JWT Decoder & Validator
Decode a JSON Web Token to read its header and payload, see human-readable expiry and issued-at times, and verify the HS256/384/512 signature with your secret — all in your browser.
Header
{
"alg": "HS256",
"typ": "JWT"
}Payload
{
"sub": "1234567890",
"name": "ScoutMyTool",
"iat": 1516239022
}About this tool
A JSON Web Token (JWT) is three base64url-encoded parts joined by dots: a header describing the signing algorithm, a payload of claims, and a signature. This tool splits and decodes the header and payload into readable JSON, translates the standard time claims (iat, nbf, exp) into human-readable UTC and flags expired tokens, and — for the symmetric HS256, HS384, and HS512 algorithms — verifies the signature against a secret you provide using the browser's Web Crypto API. Decoding a JWT does not require the secret and reveals everything in the payload, which is the key security lesson: never put confidential data in a JWT, because anyone holding the token can read it.

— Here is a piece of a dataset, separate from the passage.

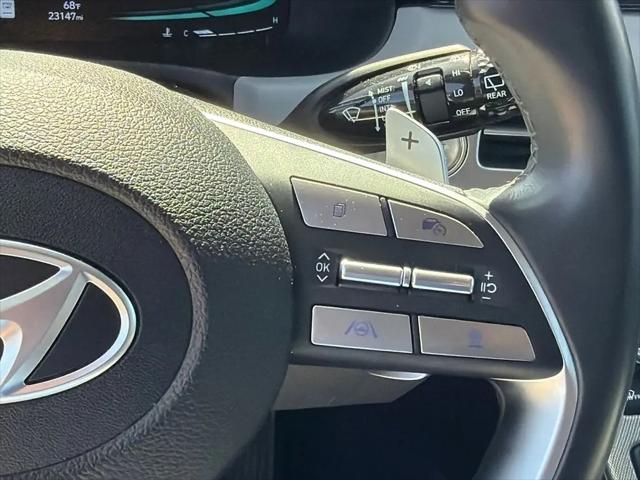 2025 Hyundai Palisade SEL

Verification, by contrast, proves the token was issued by someone who knows the secret and has not been altered. Asymmetric algorithms (RS/ES/PS), which verify with a public key rather than a shared secret, are decoded but not signature-checked here. Nothing you paste leaves your browser.
How to use it
- Paste a JWT into the token box.
- Read the decoded header and payload, plus the issued/expiry times.
- To check the signature, enter the shared secret for an HS256/384/512 token.

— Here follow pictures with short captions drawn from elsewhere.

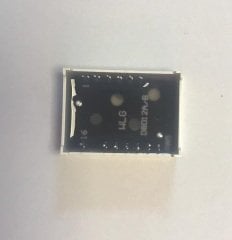 KPS8102BGND Tekli yeşil Display 21mm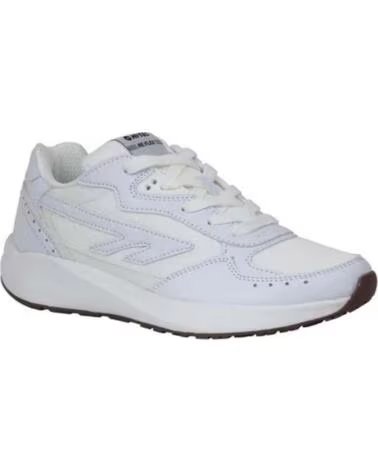 HI-TEC BASKETS REFLEX POUR HOMME BLANCHES BLANCO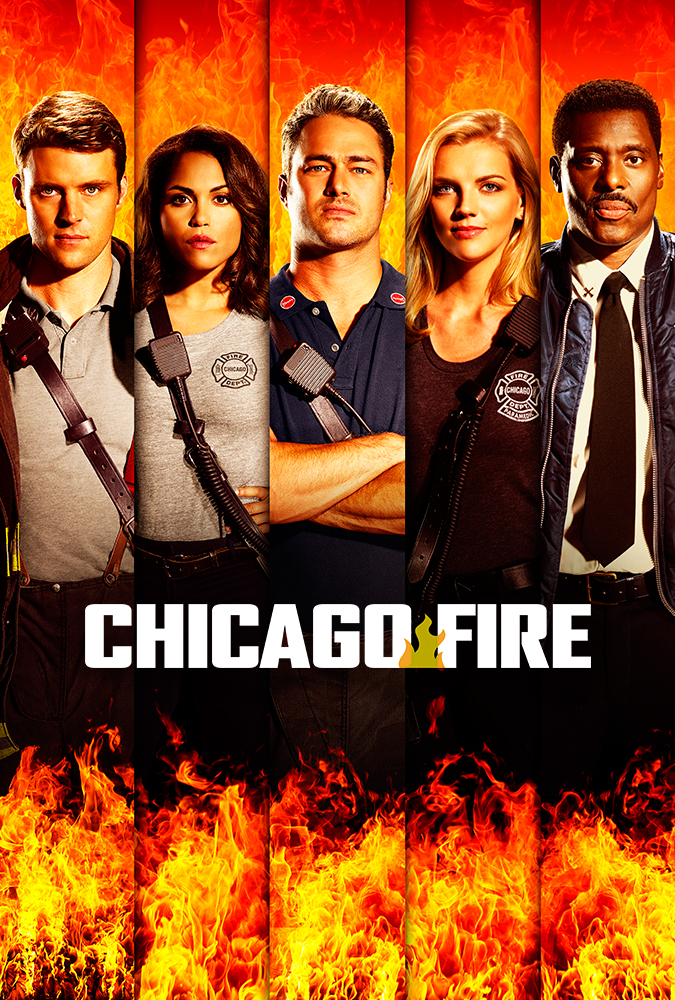 Xem Phim Lính Cứu Hỏa Chicago Phần 5 (Chicago Fire Season 5)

- A green check means the signature matches; red means it does not.
Frequently asked questions
- Is it safe to paste a JWT here?
- Yes — all decoding and verification happen locally in your browser with no network calls. That said, treat any token as a live credential: anyone who has it can use it until it expires, regardless of where it is decoded.
- Why can I read the payload without the secret?
- A JWT is only encoded, not encrypted. The base64url payload is trivially decodable by anyone. The signature does not hide the contents; it only proves they were not tampered with. Never store passwords or secrets inside a JWT payload.
- Which algorithms can this tool verify?
- The symmetric HMAC family — HS256, HS384, and HS512 — using the shared secret you enter. Asymmetric algorithms (RS256, ES256, PS256, etc.) are signed with a private key and verified with a public key/certificate, which this in-browser tool decodes but does not signature-check.
- What do iat, nbf, and exp mean?
- They are registered time claims, expressed as Unix seconds: iat is when the token was issued, nbf is the earliest time it is valid ("not before"), and exp is when it expires. The tool converts each to a readable UTC time and marks the token expired when exp is in the past.
- My signature shows invalid but the token works — why?
- The most common cause is a wrong or differently-encoded secret (for example a base64-encoded secret entered as raw text, or trailing whitespace). The signature is computed over the exact header.payload bytes, so even a one-character secret difference fails. Confirm the algorithm and the exact secret your issuer uses.
- Does decoding verify that a token is valid?
- No. Decoding only reveals the contents. A token is only trustworthy if its signature verifies against the correct secret/key AND the current time is within its nbf/exp window. Check both before relying on a token.